1. Field of the Invention
The invention relates to a multi-zone diffuser for an axial-flow turbomachine
in which the kink angles of the diffuser inlet both at the hub and at the cylinder of the turbomachine are fixed exclusively for the purpose of evening out the total pressure profile over the duct height at the outlet from the last rotor blade row,
in which means, in the form of streamlined struts, are provided within the deceleration zone of the diffuser for the removal of swirl from the swirling flow,
and in which flow guide rings subdivide the diffuser in multi-duct fashion.
2. Discussion of Background
Such multi-zone diffusers for turbomachines are known from EP-A 265 633. In order to meet the requirements there for the best possible pressure recovery and swirl-free diffuser outlet flow at part load, a straightening grid is provided within the diffuser and this grid extends over the complete height of the flow duct. These means for the removal of swirl involve cylindrical streamlined struts with thick straight profiles arranged uniformly around the periphery. These profiles are designed according to the knowledge available for the construction of turbomachines and are intended to be as insensitive as possible to oblique incident flow. The leading edges of these struts subjected to the incident flow are located relatively far behind the trailing edge of the last rotor blades in order to avoid excitation of the last blade row caused by the pressure field of the struts. This distance is dimensioned in such a way that the leading edge of the struts is located in a plane in which a diffuser area ratio of preferably three is present. This first diffusion zone between the blading and the streamlined struts is therefore intended to remain undisturbed because of the total rotational symmetry. The fact that no interference effects are to be expected between the struts and the blading may be attributed to the fact that the struts only become effective in a plane in which there is already a relatively low velocity level.
Because the opening angle of conventional highly-loaded blading of turbines far exceeds that of a good diffuser, the known diffuser is subdivided into a plurality of partial diffusers by means of flow guide rings in order to support the flow in the radial direction. These guide rings extend from a plane directly at outlet from the blading to a plane at which a diffusion ratio of three is reached, i.e. over the whole of the first diffusion zone. For vibration reasons, these guide rings should preferably be configured in one piece. This leads to a solution without a split plane, which is disadvantageous for assembly reasons. In addition, the guide rings lead to large diameters so that transport problems can arise.
A second diffusion zone extends from the leading edge of the thick streamlined struts to the maximum profile thickness of the struts. The de-swirling of the flow is intended to take place to a major extent in this second zone and, in fact, substantially without deceleration. In a third, subsequent diffusion zone in the form of a straight diffuser, the flow--which at this time is practically swirl-free--is further decelerated.
In addition to maximum pressure recovery, particularly at part load, all these measures are also intended to achieve a reduction in the design length of the installation.

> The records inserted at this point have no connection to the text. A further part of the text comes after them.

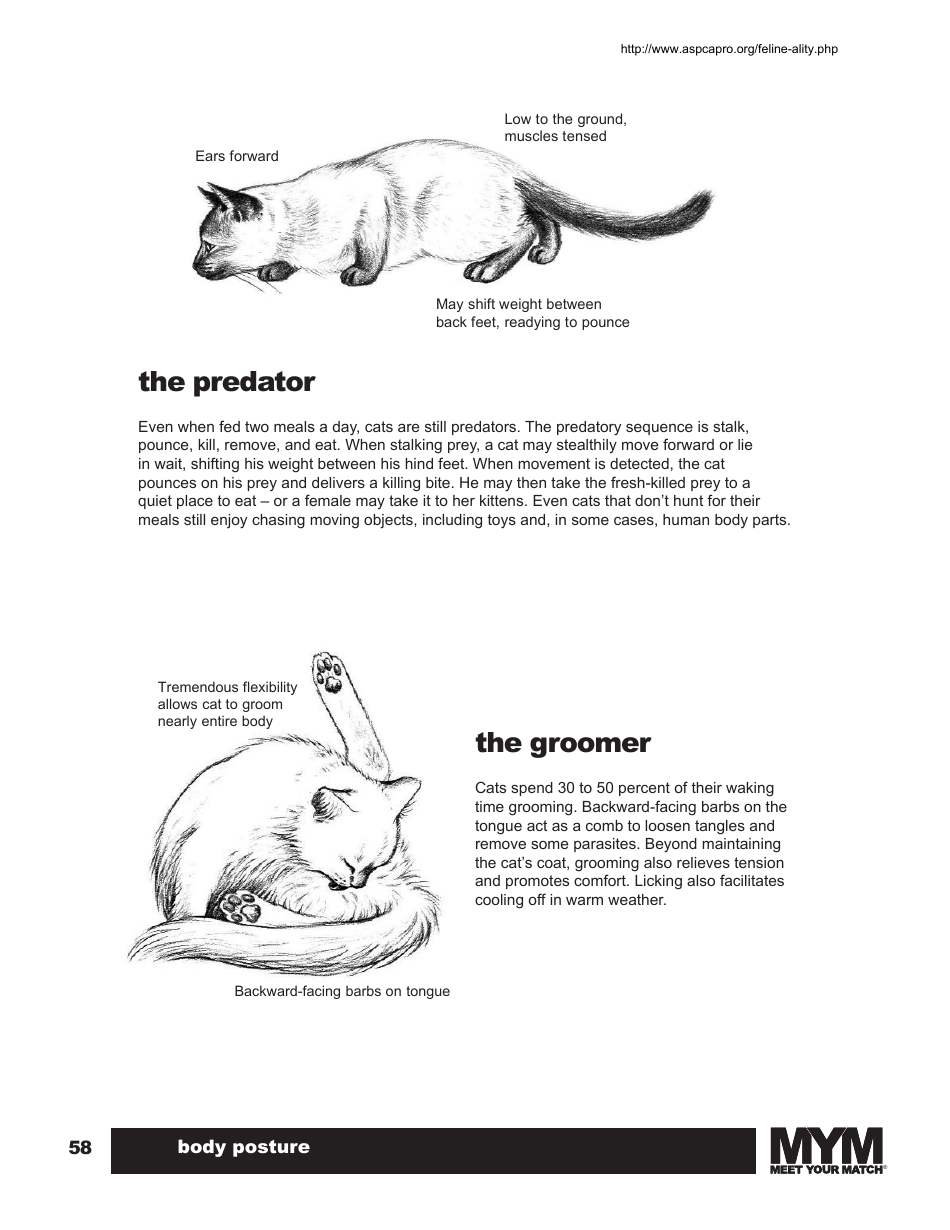 Cat Body Language Chart Download Printable Pdf Templateroller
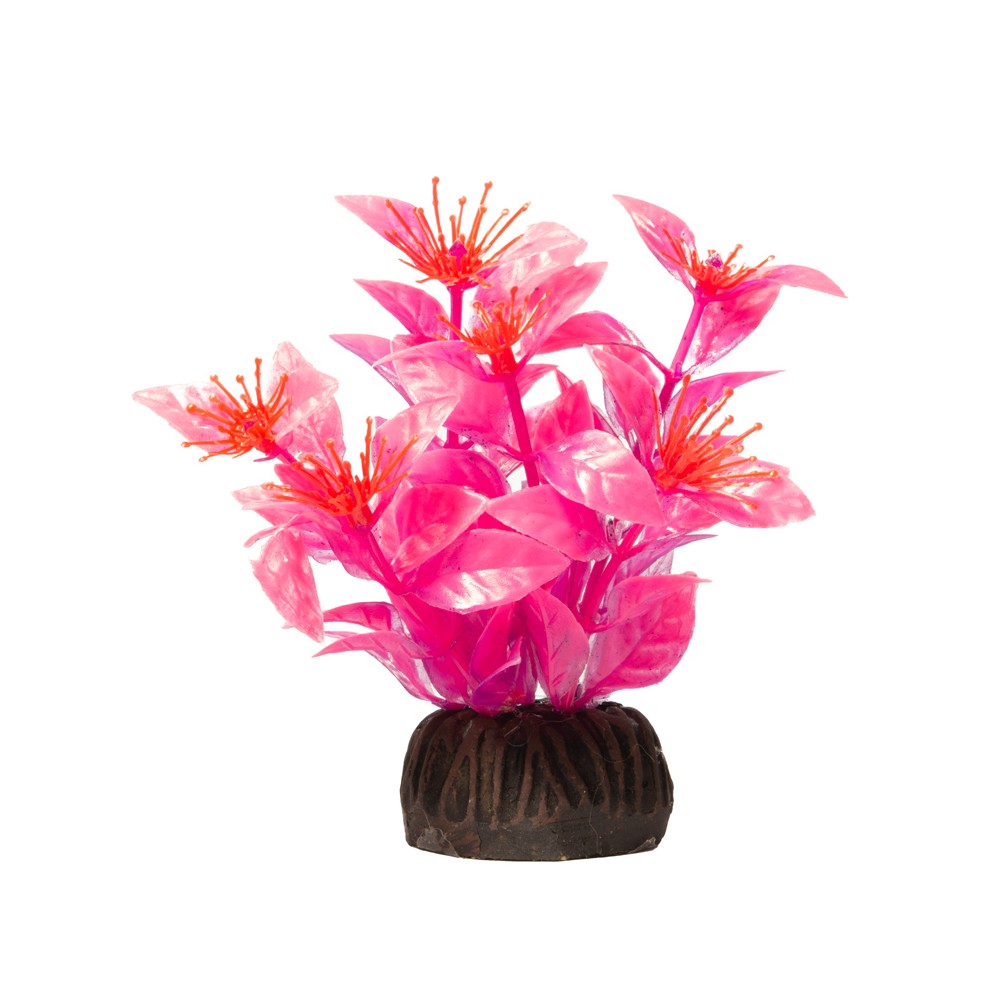 Растение Laguna Aqua Людвигия ярко-розовая, 100мм цена и фото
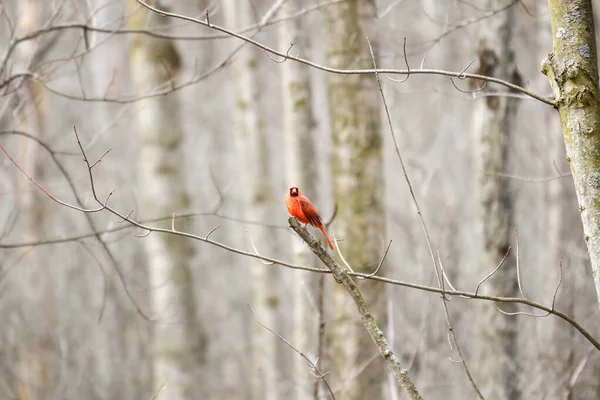 Kanada 'da küçük bir kuş.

In conventional gas turbines, the flow onto the diffuser at idle has a velocity ratio c.sub.t /c.sub.n of approximately 1.2, where c.sub.t is the tangential velocity and c.sub.n is the axial velocity of the medium. This oblique incident flow leads to a reduction in the pressure recovery C.sub.p.
In other types of machines, such as steam turbines or gas turbines for fluidized bed firing, it is quite possible for the volume flow to be reduced down to 40% so that c.sub.t /c.sub.n ratios of up to 3 occur. In such types of machine, fixed diffuser geometry is not a possibility because the pressure recovery could even be negative. This applies even in the case where the pitch/chord ratio of the streamlined struts is 0.5. Streamlined struts with pitch/chord ratios of approximately 1, which would provide a somewhat larger pressure recovery at full load, i.e. c.sub.t /c.sub.n =approximately 0, cannot be used at all in such machines.
The large drop in pressure recovery may be attributed to the fact that a strong vortex forms between the outlet rotor blades and the streamlined struts in the case of the extreme relationships quoted. The vortex is bounded by the streamlined struts at which the tangential component of the velocity is dissipated. If solid particles (for example in gas turbines) or water droplets (for example in steam turbines) are entrained in the resulting reverse flow, there is an acute danger of root erosion on the blades of the last rotor row.
A known remedy in a turbomachine of the axial type, from EP 0 417 433 A1, is to arrange at least one row of variable guide vanes in the diffuser between the means for swirl removal and the outlet rotor blades. The means for removing the swirl within the diffuser are, in this case also, streamlined struts arranged evenly around the periphery with a straight camber line and symmetrical profile and with a pitch/chord ratio between 0.5 and 1 in the center section of the flow duct. These streamlined struts extend conically in the radial direction. The intention is that the part-load behavior of the machine should be further improved by these measures for designing the diffusion.